VP CSR & SMEPP Management Pertamina, Rudi Ariffianto, mengatakan pengenalan transisi energi dan STEM sejak dini diperlukan agar generasi muda memiliki kesiapan menghadapi perubahan di sektor energi.
“Transisi energi dan penguatan STEM harus diperkenalkan sejak awal agar generasi muda memiliki kesiapan dan kemampuan beradaptasi terhadap perubahan energi masa depan,” ujar Rudi dalam keterangannya, Senin (18/5/2026).
Menurut dia, langkah tersebut menjadi penting mengingat minat pelajar Indonesia terhadap bidang STEM masih relatif rendah, yakni sekitar 18%.
Rudi menilai Indonesia memiliki potensi energi nonfosil yang besar sehingga edukasi energi berkelanjutan perlu diperkuat untuk menyiapkan calon pemimpin, regulator, hingga pelaku industri energi di masa mendatang.
Dia menjelaskan program tersebut juga sejalan dengan dual growth strategy Pertamina, yakni menjaga ketahanan energi nasional melalui bisnis inti migas sekaligus mempercepat pengembangan energi rendah karbon dan energi baru terbarukan (EBT).
Ketua Yayasan Berkat Budaya Sejahtera, Glory Oyong, mengatakan kolaborasi lintas sektor menjadi faktor penting dalam memperkuat edukasi keberlanjutan bagi generasi muda.

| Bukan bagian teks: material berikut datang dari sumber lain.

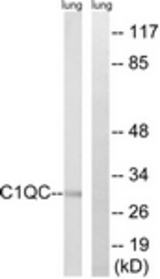 Western blot of extracts from rat lung cells, using C1QC Antibody. The lane on the right is treated with the synthesized peptide.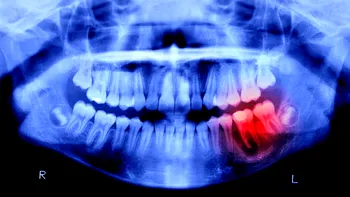 Dinții pierduți ar putea crește din nou. Tratamentul testat pe oameni care poate schimba stomatologia până în 2030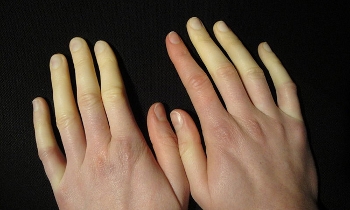 Le mani il sintomo tipico della patologia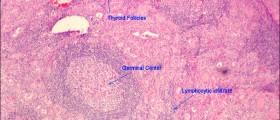 Hashimoto's Disease & Hyperthyroidism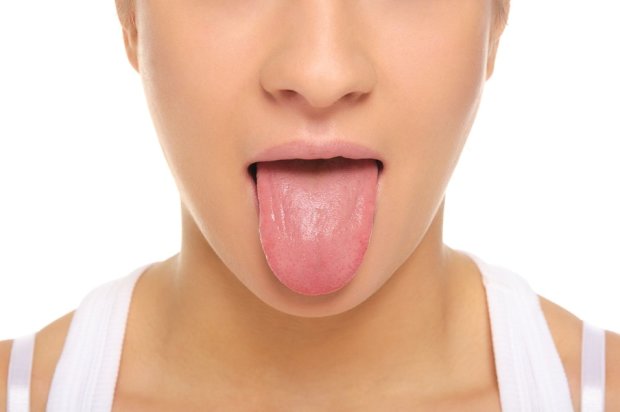 Що означає білий наліт на язику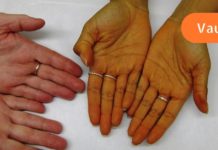 როგორ ვლინდება ღვიძლის პრობლემები კანზე და სხეულში?!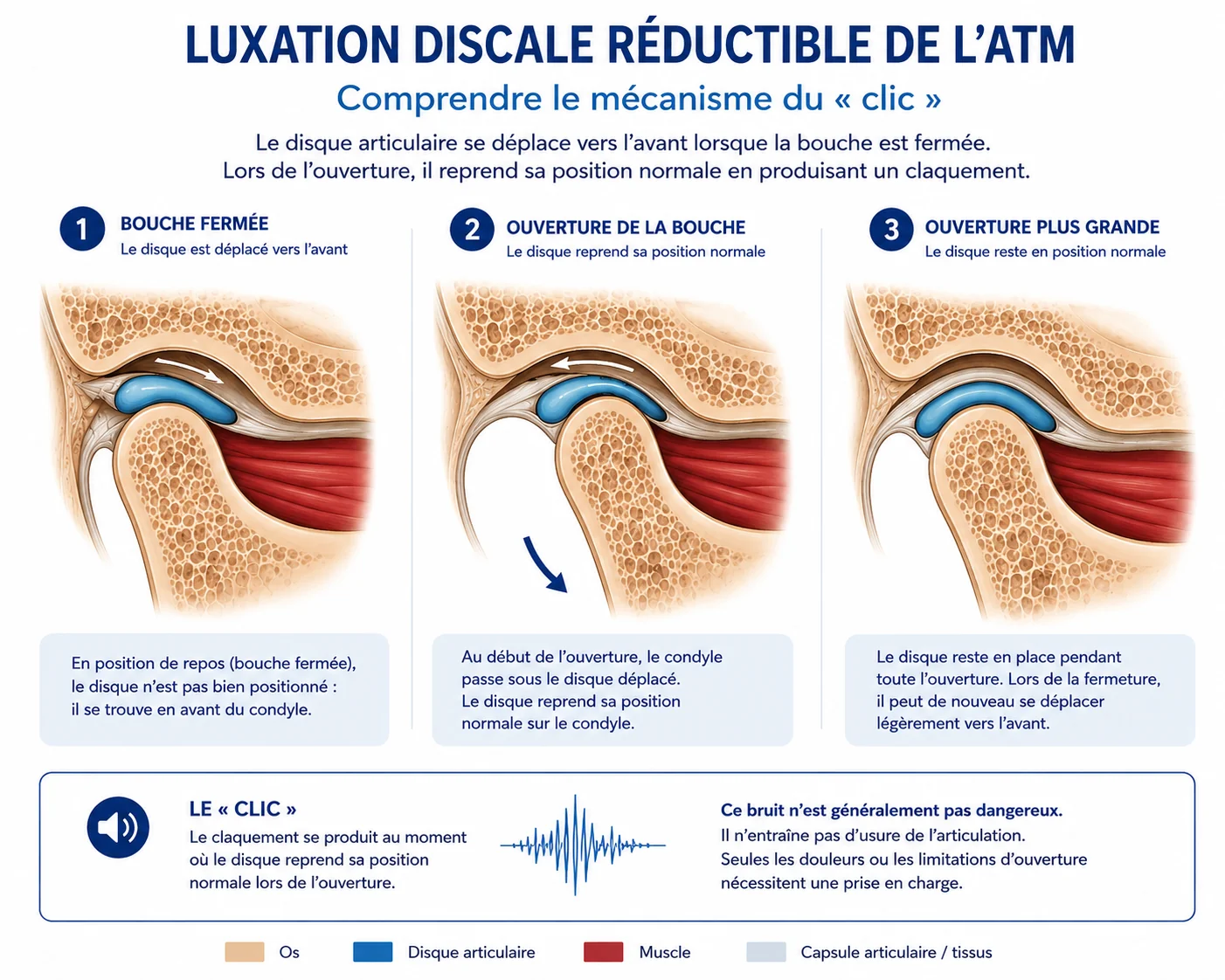 Luxation discale réductible de l’ATM : comprendre le mécanisme du clic, schéma explicatif
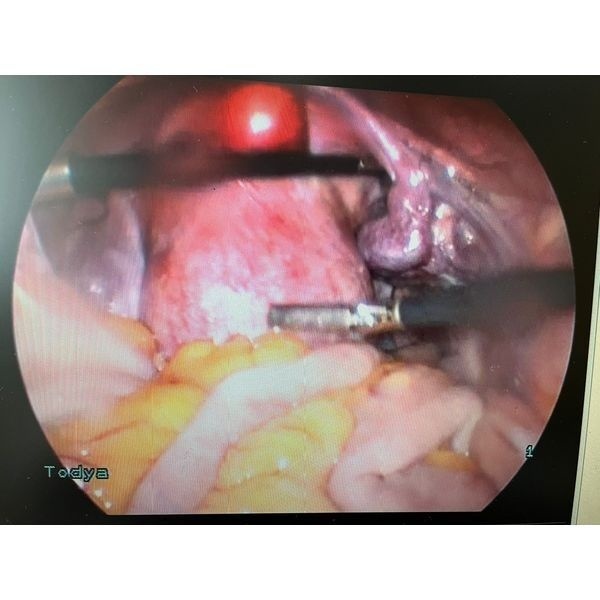 Удаление миомы Удаление миомы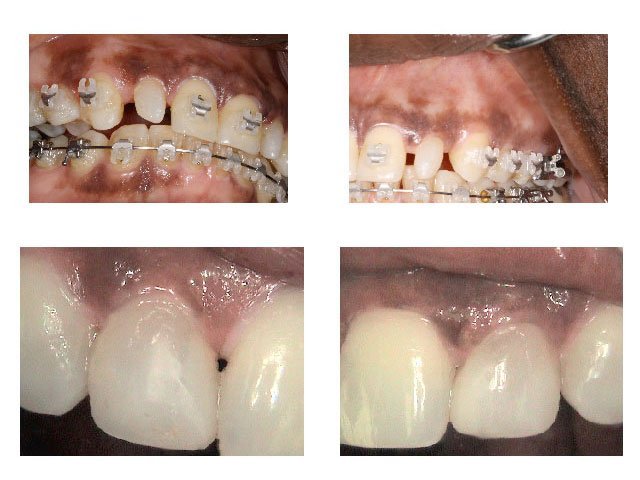 Before and After Restoration of Misshaped Teeth with Bonded Restoration After Orthodontic Treatment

“Inisiatif ini sejalan dengan tujuan pemerintah dalam mendorong percepatan transisi nasional,” katanya.
Baca Juga: Dorong Transisi Energi Global, Pertamina NRE Kaji Pengembangan Energi Terbarukan di Bangladesh
Baca Juga: ESDM Akui Pasokan Solar Pertamina ke SPBU Swasta Belum Sesuai Kebutuhan
Sementara itu, Kepala SMAN 40 Jakarta Adriansyah menyebut program edukasi tersebut relevan dengan komitmen sekolah dalam meraih predikat Adiwiyata Mandiri.
“Ini momentum baik isu lingkungan dipadukan dengan energi dan STEM,” ujar Adriansyah.
Di sisi lain, VP Corporate Communication Pertamina, Muhammad Baron, mengatakan kolaborasi dengan sektor pendidikan menjadi bagian dari strategi perusahaan dalam membangun generasi yang adaptif terhadap dinamika energi global.
“Melalui sinergi sektor pendidikan, komunitas dan pemangku kepentingan, Pertamina terus mendorong ekosistem pembelajaran yang memperkuat kapasitas generasi muda sebagai fondasi ketahanan energi nasional dan keberlanjutan energi masa depan,” kata Baron.
Pertamina menyatakan program tersebut sejalan dengan komitmen perusahaan mendukung target Net Zero Emission 2060 melalui pengembangan energi berkelanjutan dan implementasi prinsip Environmental, Social & Governance (ESG) di seluruh lini bisnis perusahaan.